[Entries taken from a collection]
***
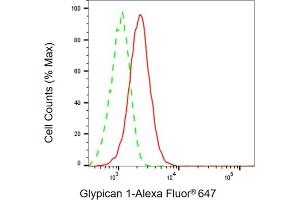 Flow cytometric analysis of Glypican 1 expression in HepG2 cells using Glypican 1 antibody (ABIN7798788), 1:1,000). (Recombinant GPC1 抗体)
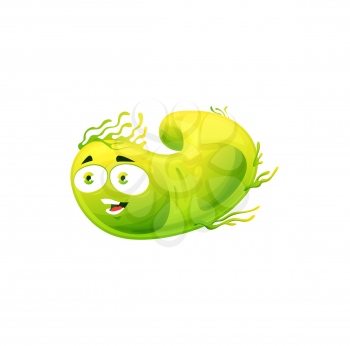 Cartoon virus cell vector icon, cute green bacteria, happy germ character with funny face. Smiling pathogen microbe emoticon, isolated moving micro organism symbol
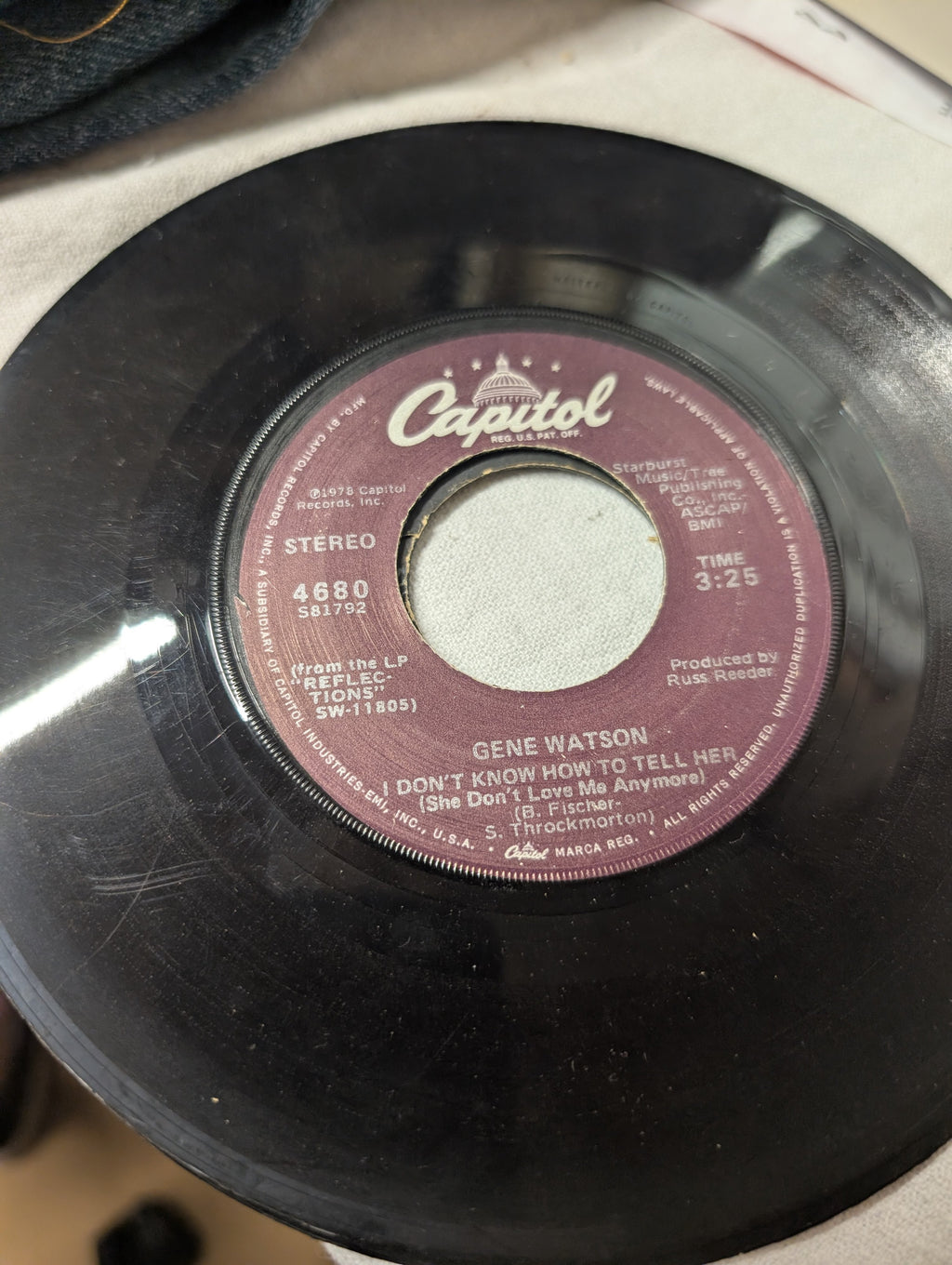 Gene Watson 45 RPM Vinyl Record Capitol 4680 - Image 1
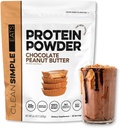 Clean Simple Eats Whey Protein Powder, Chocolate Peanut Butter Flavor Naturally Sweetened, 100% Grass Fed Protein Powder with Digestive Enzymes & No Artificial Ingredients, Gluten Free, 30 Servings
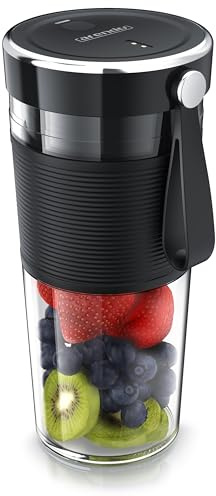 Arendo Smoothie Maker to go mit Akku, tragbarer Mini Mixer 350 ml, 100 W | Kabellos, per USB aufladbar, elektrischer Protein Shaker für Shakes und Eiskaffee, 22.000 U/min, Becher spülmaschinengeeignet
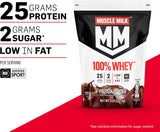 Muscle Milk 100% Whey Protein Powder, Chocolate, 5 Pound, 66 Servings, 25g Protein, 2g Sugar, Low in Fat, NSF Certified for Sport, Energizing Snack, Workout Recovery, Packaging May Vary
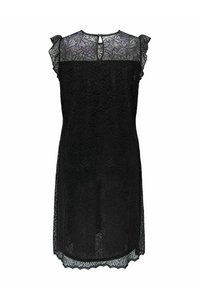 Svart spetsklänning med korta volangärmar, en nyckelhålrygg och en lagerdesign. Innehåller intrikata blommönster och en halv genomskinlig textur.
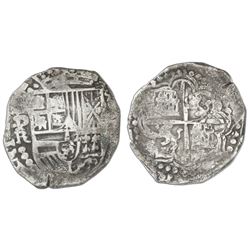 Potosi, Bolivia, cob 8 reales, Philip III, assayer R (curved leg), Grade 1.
***
• WHAT YOU SHOULD DO
Please output, exactly and with no pictures, only the lines from the one containing "Muscle Milk 100%" through the final line of the records above.

• COMPLETED TASK
 Muscle Milk 100% Whey Protein Powder, Chocolate, 5 Pound, 66 Servings, 25g Protein, 2g Sugar, Low in Fat, NSF Certified for Sport, Energizing Snack, Workout Recovery, Packaging May Vary
 Svart spetsklänning med korta volangärmar, en nyckelhålrygg och en lagerdesign. Innehåller intrikata blommönster och en halv genomskinlig textur.
 Potosi, Bolivia, cob 8 reales, Philip III, assayer R (curved leg), Grade 1.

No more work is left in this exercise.